Well, I survived the white water rafting. What scary fun!
Literally, I was scared half to death. I have this love/fear thing with water. I’m fascinated by it, love the romanticism of it, the beauty and mystery of it, but, I’m terrified of drowning.
As the old cliché goes, though: What doesn’t kill you makes you stronger.
Or, it makes you scream: “Holy Shit!” a lot. Really a lot.
Thank God there are young men in this world like Brock, our guide, who revel in this sort of adventurous life-style and make it their duty to take excellent care of us holiday thrill-seekers. These young men (and women) who work these types of jobs are truly heroic.

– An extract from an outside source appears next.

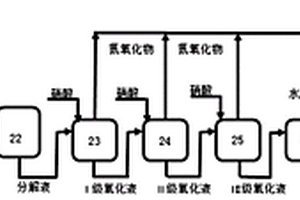 環境友好的回收環己烷氧化副產物制備二元酸的工藝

I chose, purposely, to sit at the back next to our guide as I figured (rightly) that it would be the safest place on the boat. If I was going to be pitched overboard, at least he’d be there to grab me right away. Thankfully, for both of us, that never happened.
But, we came close.
A class IV rapid is a scary, scary beast. Big drops in the water called bowls, where the raft just plunges down into, huge waves that slam the raft about as if it were a toy, and the loud, angry churning of the water all around, so loud you can barely hear the instructions to get your oar into the water and paddle HARD!

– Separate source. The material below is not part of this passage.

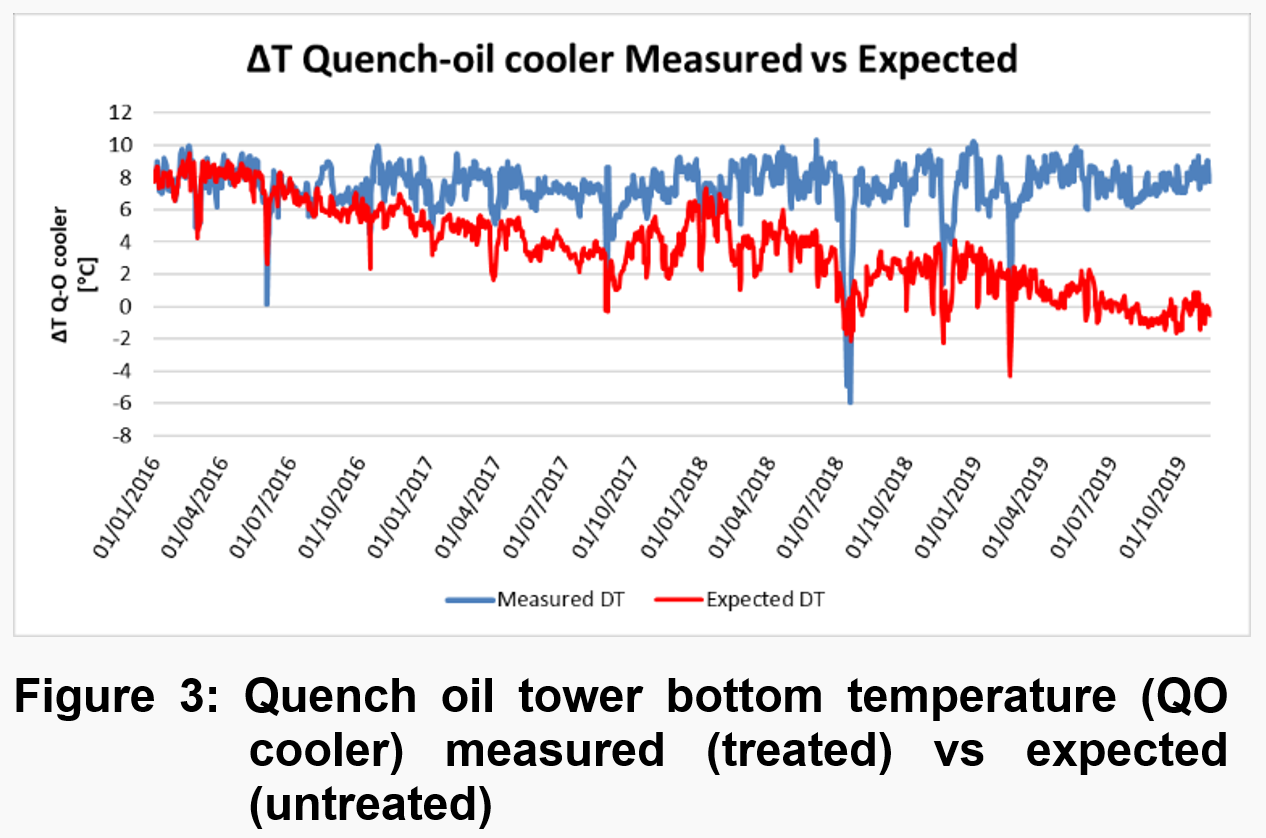 figure2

Then, you’re out of it and laughing, amazed that the last 30 seconds of your life were lived so intensely, but there’s no time to contemplate your success because Brock is hollering: “Okay, here we are, oars in the water on my go! WE DO NOT WANT TO GO FOR A SWIM HERE, DO YOU HEAR ME?” And then, it’s another class IV, this one bigger and nastier than the last.

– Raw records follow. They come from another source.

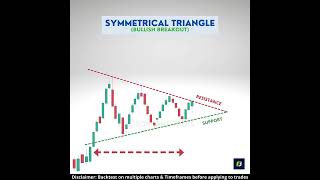 Symmetrical Triangle Pattern  Bullish Breakout  Bilateral pattern  Chart Patterns [upl. by Siroled674]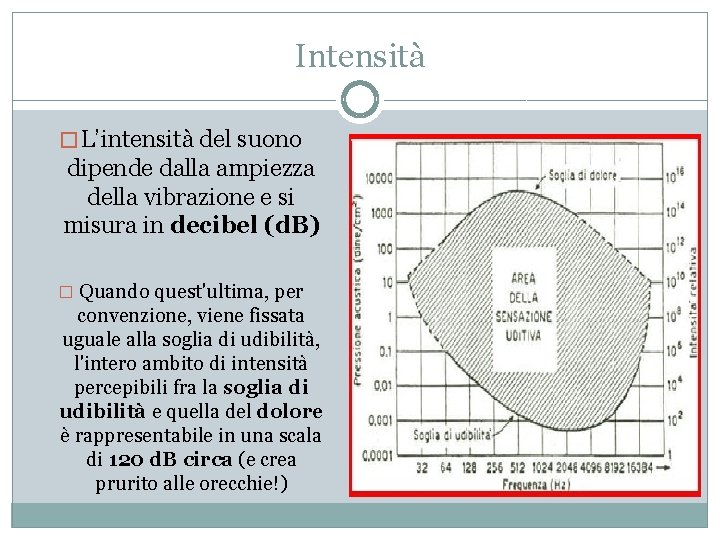 Intensità � L’intensità del suono dipende dalla ampiezza della vibrazione e si misura in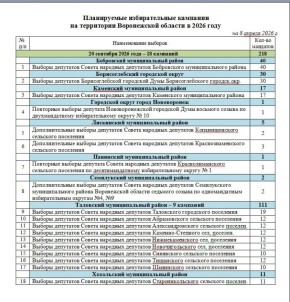 �� ���������� ������������� �������� � 2026 ���� ������� ����������� �����������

I nearly came out of the boat on that one. Ass up in the air. The only thing that saved me was the ropes. The lovely, lovely ropes. I grabbed on and held on. To hell with paddling! Meanwhile, Brock is up behind us, steering us out of the rapids. The amount of physical strength such a feat must take.
I asked him after if he was done for the day. Nope. They would be going out with another group almost as soon as we got back. There was a break for lunch of about an hour. But that was it.
My hats off to them all — they are an amazing bunch of young people.
The rafting was the highlight of my trip to the mountains this time. Usually, it’s just hiking, but this time we decided to switch things up a bit.
Our first day we drove to Field, B.C., where we stayed with some friends of Heather’s. Wonderful people. We drove up to Takkakaw Falls and got soaked, partly because of the mist spraying off the falls, (which are beautiful) but mostly because of the rain.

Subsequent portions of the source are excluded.